● Task requirements
Take the entries that follow and return only the lines from the one with "Basketball on a" through the final line, leaving every picture behind.

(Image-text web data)

□ □ □

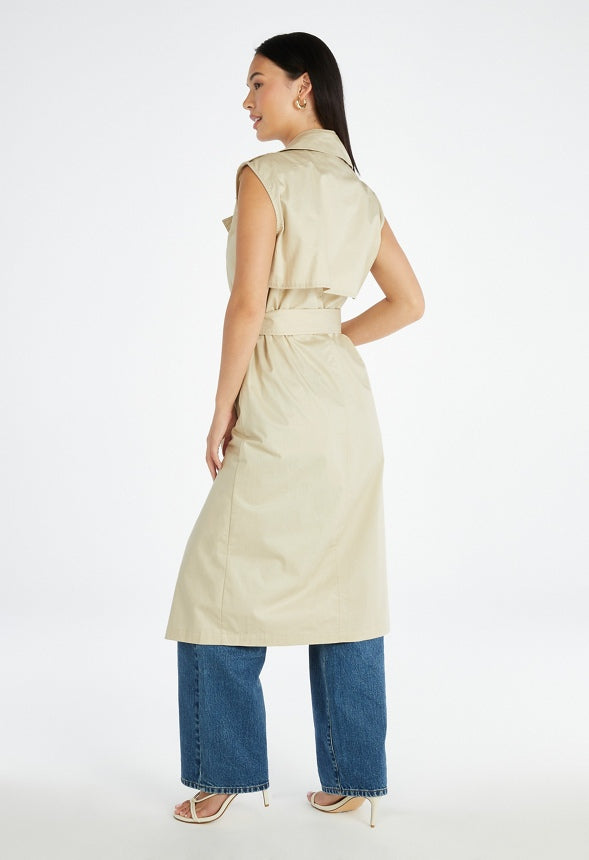 Sleeveless Trench Coat Cement
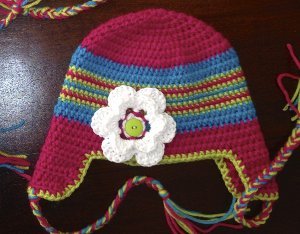 crochet newborn hat with ear flaps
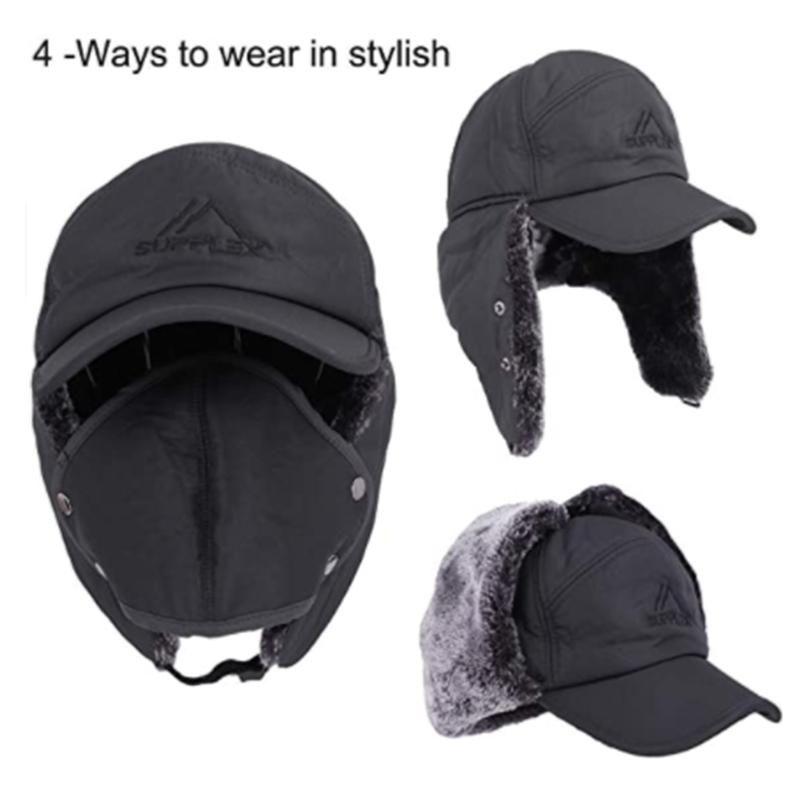 Winter Windproof Trapper Hat with Ear Flaps and Face Cover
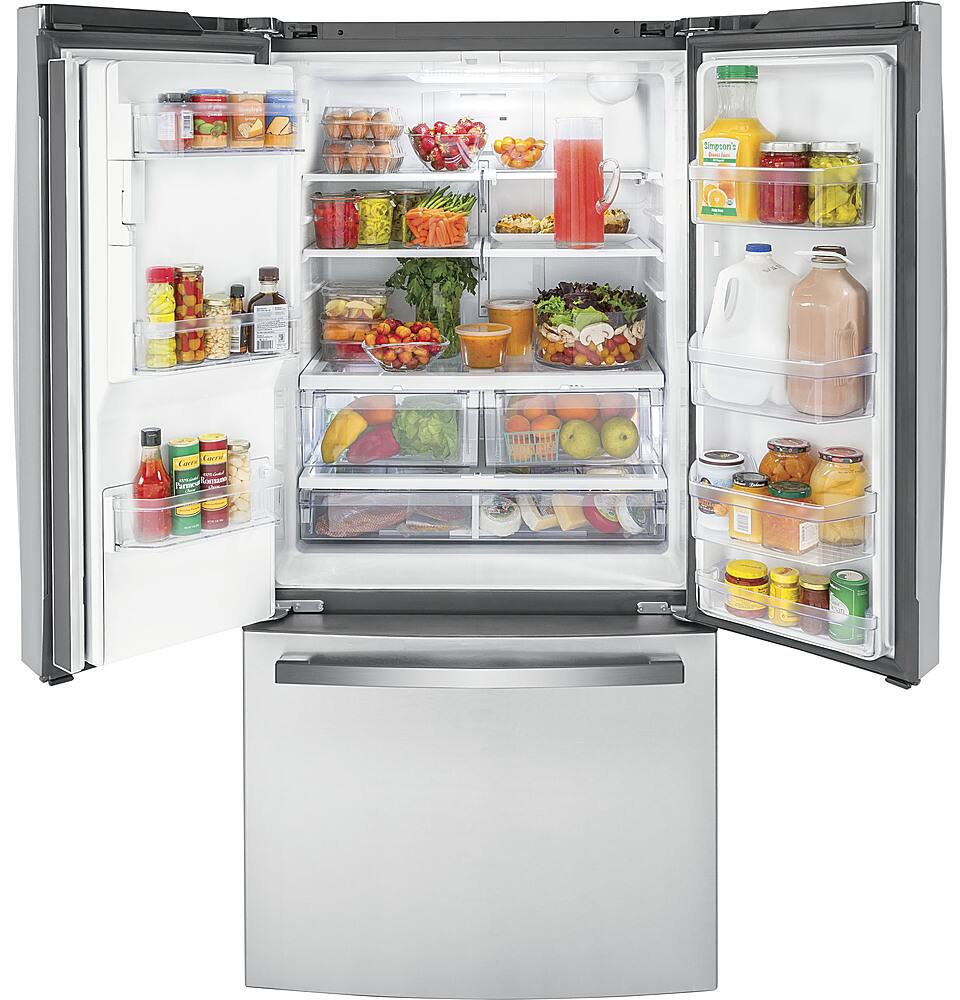 Alt View 11. GE - 17.5 Cu. Ft. French Door Counter-Depth Refrigerator - Stainless Steel.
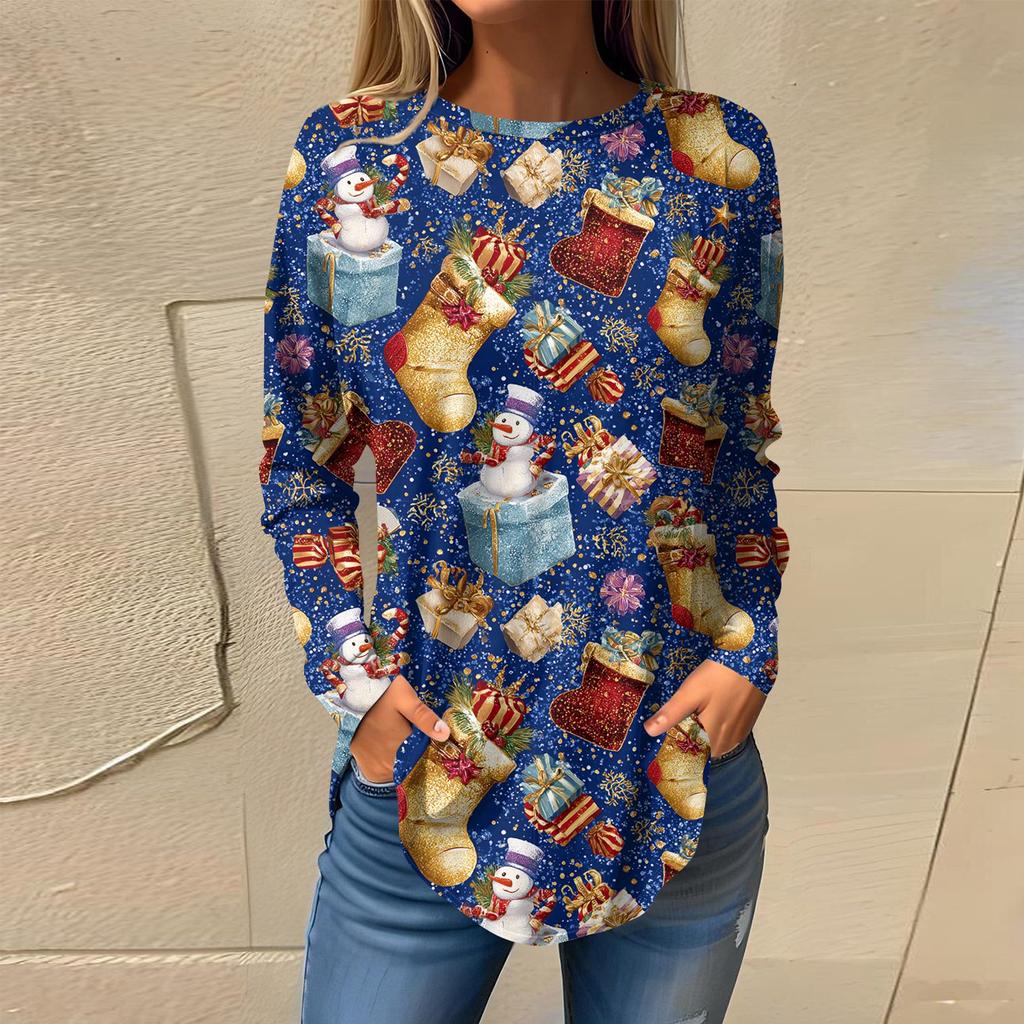 חולצות טי לנשים סתיו קז'ואל שרוול ארוך חולצות סווטשירט הדפס גרפי וינטג' טופ פולאובר יום האהבה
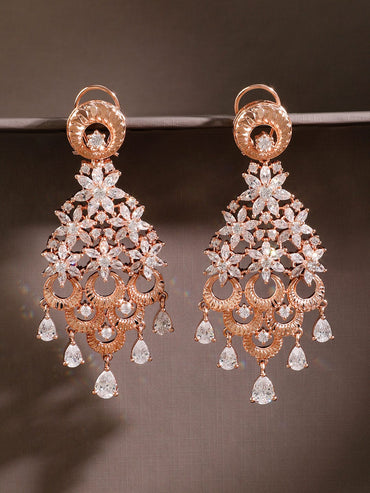 Rubans 18K Rose Gold & Rhodium -Plated Ruby Pink & White Cubic Zirconia Floral Cascading Chandelier Earrings Chandelier Earrings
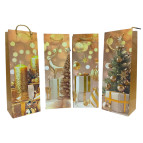 Пакет подарочный бумажный 35*12*9см Новогодний Бутылочный №814-B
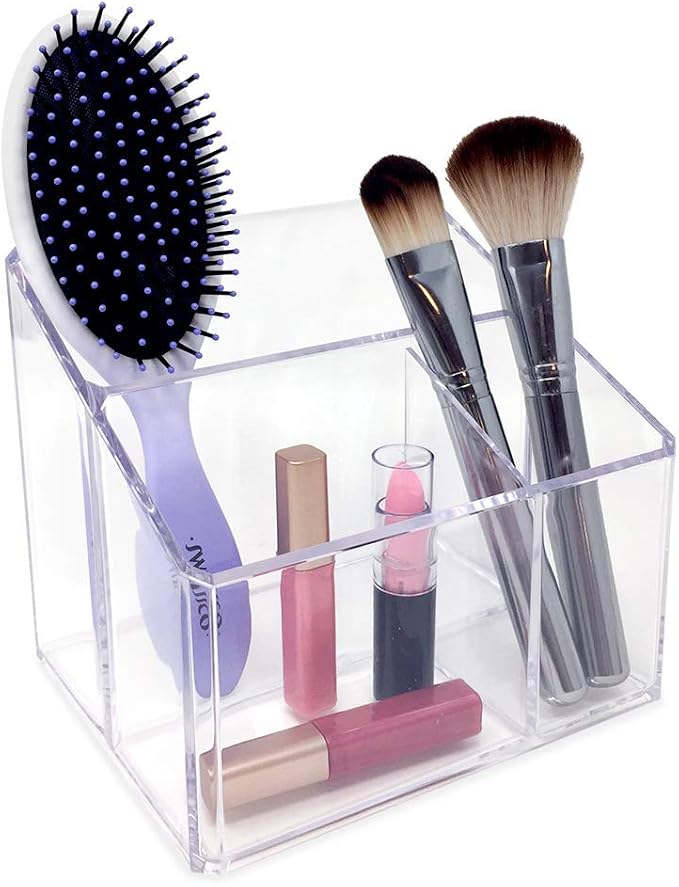 Isaac Jacobs Clear Acrylic 3-Compartment Organizer, Remote Holder & - Image 2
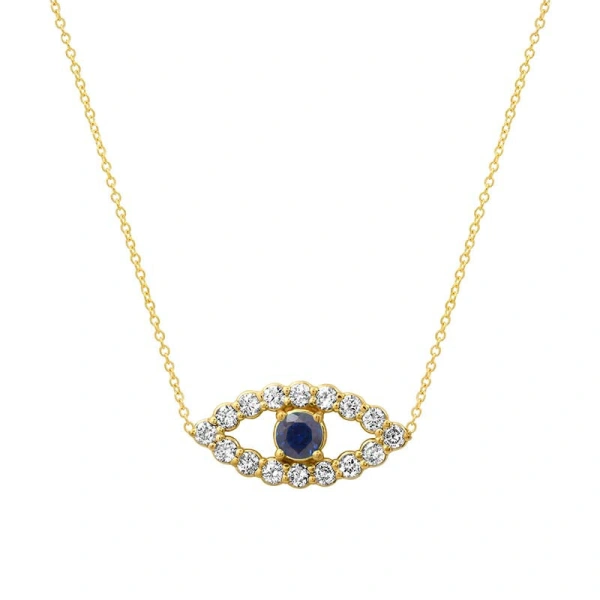 Jennifer Meyer Medium Diamond Open Evil Eye Necklace with Blue Sapphire Center in 14K Yellow Gold | Fine Necklaces | Coveti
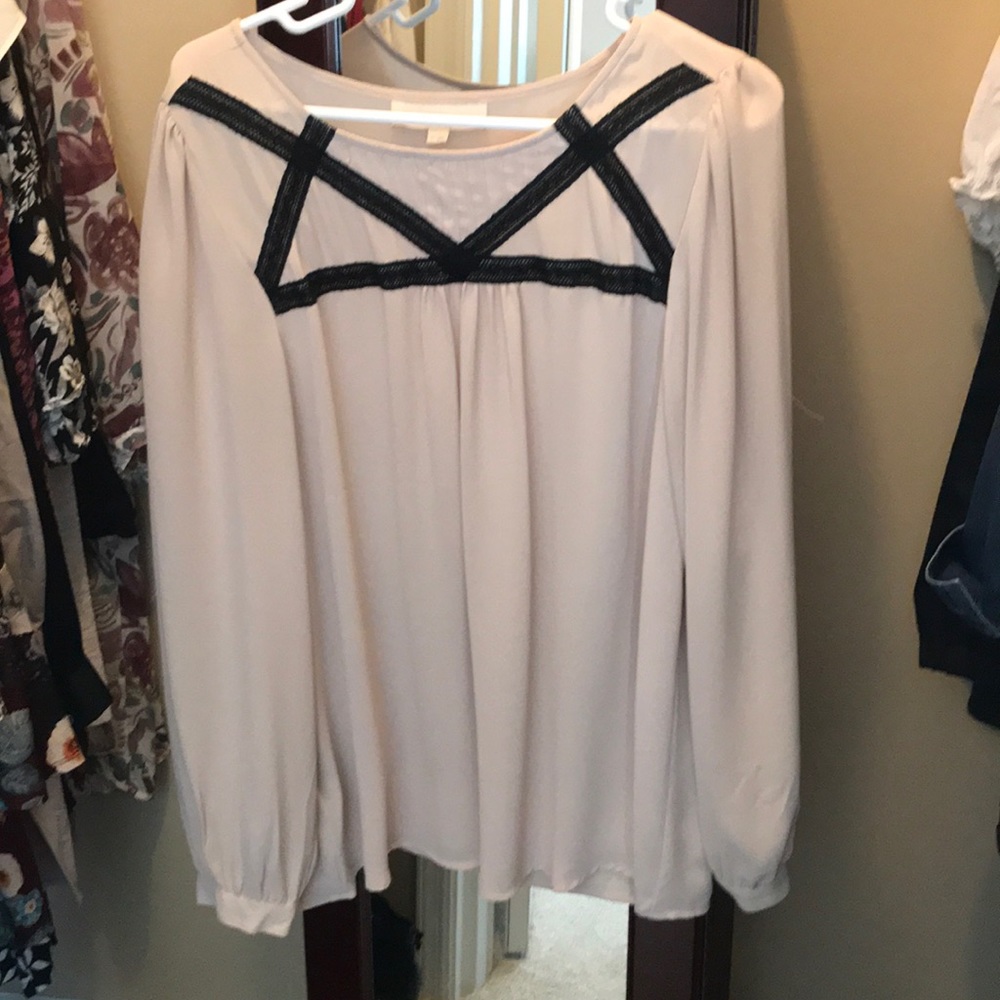 Loft Tan with Black Lace Blouse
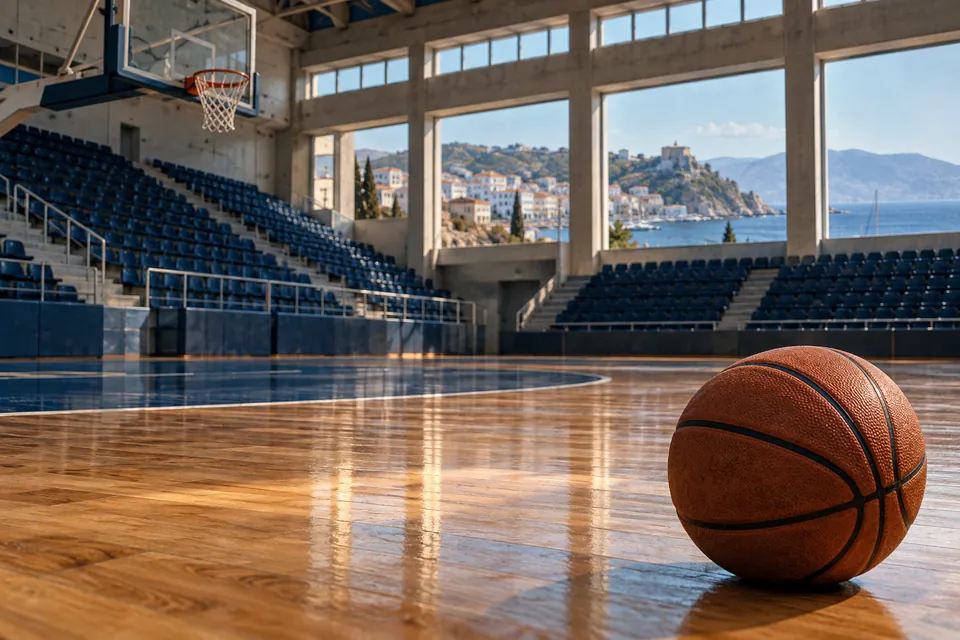 Basketball on a sunlit parquet court in a fictional indoor hall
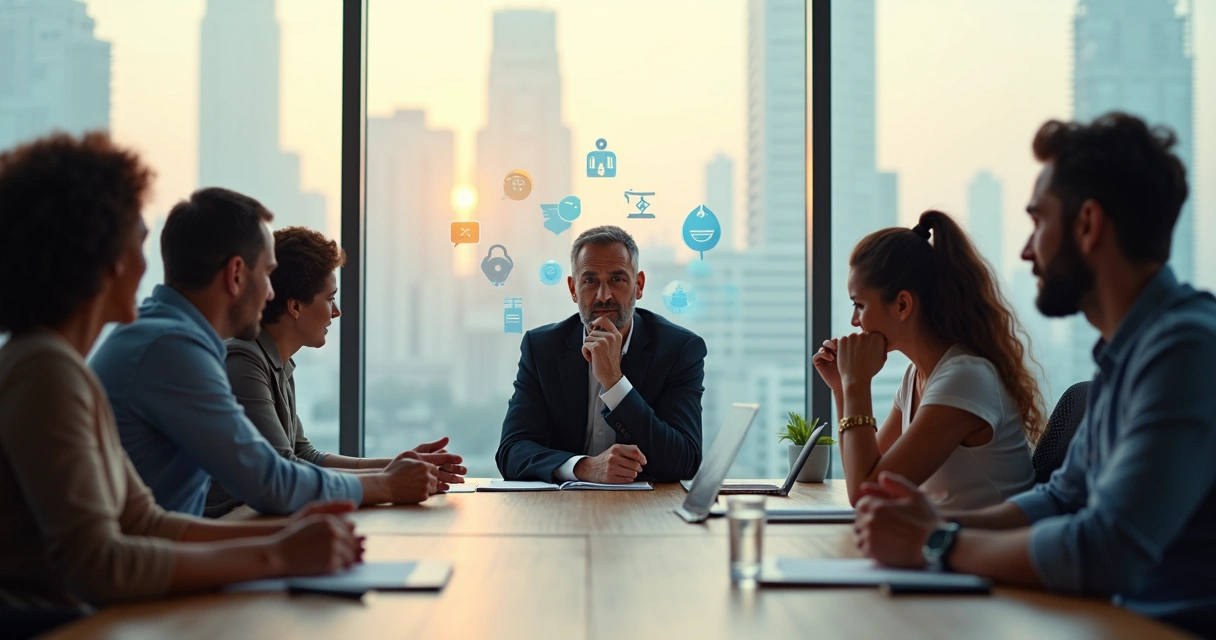 Líder em reunião com equipe refletindo sobre gestão emocional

□ □ □

● Task answer
 Basketball on a sunlit parquet court in a fictional indoor hall
 Líder em reunião com equipe refletindo sobre gestão emocional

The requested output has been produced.